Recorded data
#####

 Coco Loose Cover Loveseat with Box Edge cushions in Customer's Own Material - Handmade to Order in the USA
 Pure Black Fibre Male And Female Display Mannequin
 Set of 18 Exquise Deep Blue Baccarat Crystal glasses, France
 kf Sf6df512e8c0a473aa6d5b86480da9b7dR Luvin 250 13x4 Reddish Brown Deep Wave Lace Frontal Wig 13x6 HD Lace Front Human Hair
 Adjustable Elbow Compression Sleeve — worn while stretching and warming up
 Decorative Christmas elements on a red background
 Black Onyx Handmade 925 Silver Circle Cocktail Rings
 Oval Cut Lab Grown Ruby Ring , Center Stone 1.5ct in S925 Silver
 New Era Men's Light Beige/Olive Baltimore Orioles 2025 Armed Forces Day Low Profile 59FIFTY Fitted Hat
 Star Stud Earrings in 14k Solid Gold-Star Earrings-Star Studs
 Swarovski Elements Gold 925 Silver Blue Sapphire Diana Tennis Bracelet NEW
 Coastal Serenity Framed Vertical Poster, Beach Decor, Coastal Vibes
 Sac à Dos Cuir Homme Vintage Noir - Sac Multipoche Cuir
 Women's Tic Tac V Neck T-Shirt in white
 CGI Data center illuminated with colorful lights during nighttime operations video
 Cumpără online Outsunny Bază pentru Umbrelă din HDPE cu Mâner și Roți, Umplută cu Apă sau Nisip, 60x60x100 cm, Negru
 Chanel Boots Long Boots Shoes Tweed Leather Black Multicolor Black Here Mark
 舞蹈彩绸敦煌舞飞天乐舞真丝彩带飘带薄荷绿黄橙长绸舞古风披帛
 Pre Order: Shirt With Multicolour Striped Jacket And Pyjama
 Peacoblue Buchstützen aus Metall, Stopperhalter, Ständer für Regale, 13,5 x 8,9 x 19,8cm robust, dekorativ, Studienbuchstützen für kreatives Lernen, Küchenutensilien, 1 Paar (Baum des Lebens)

#####

Beginning at the line with "Pure Black Fibre" and ending at the last line of the entries, print every line exactly.

 Pure Black Fibre Male And Female Display Mannequin
 Set of 18 Exquise Deep Blue Baccarat Crystal glasses, France
 kf Sf6df512e8c0a473aa6d5b86480da9b7dR Luvin 250 13x4 Reddish Brown Deep Wave Lace Frontal Wig 13x6 HD Lace Front Human Hair
 Adjustable Elbow Compression Sleeve — worn while stretching and warming up
 Decorative Christmas elements on a red background
 Black Onyx Handmade 925 Silver Circle Cocktail Rings
 Oval Cut Lab Grown Ruby Ring , Center Stone 1.5ct in S925 Silver
 New Era Men's Light Beige/Olive Baltimore Orioles 2025 Armed Forces Day Low Profile 59FIFTY Fitted Hat
 Star Stud Earrings in 14k Solid Gold-Star Earrings-Star Studs
 Swarovski Elements Gold 925 Silver Blue Sapphire Diana Tennis Bracelet NEW
 Coastal Serenity Framed Vertical Poster, Beach Decor, Coastal Vibes
 Sac à Dos Cuir Homme Vintage Noir - Sac Multipoche Cuir
 Women's Tic Tac V Neck T-Shirt in white
 CGI Data center illuminated with colorful lights during nighttime operations video
 Cumpără online Outsunny Bază pentru Umbrelă din HDPE cu Mâner și Roți, Umplută cu Apă sau Nisip, 60x60x100 cm, Negru
 Chanel Boots Long Boots Shoes Tweed Leather Black Multicolor Black Here Mark
 舞蹈彩绸敦煌舞飞天乐舞真丝彩带飘带薄荷绿黄橙长绸舞古风披帛
 Pre Order: Shirt With Multicolour Striped Jacket And Pyjama
 Peacoblue Buchstützen aus Metall, Stopperhalter, Ständer für Regale, 13,5 x 8,9 x 19,8cm robust, dekorativ, Studienbuchstützen für kreatives Lernen, Küchenutensilien, 1 Paar (Baum des Lebens)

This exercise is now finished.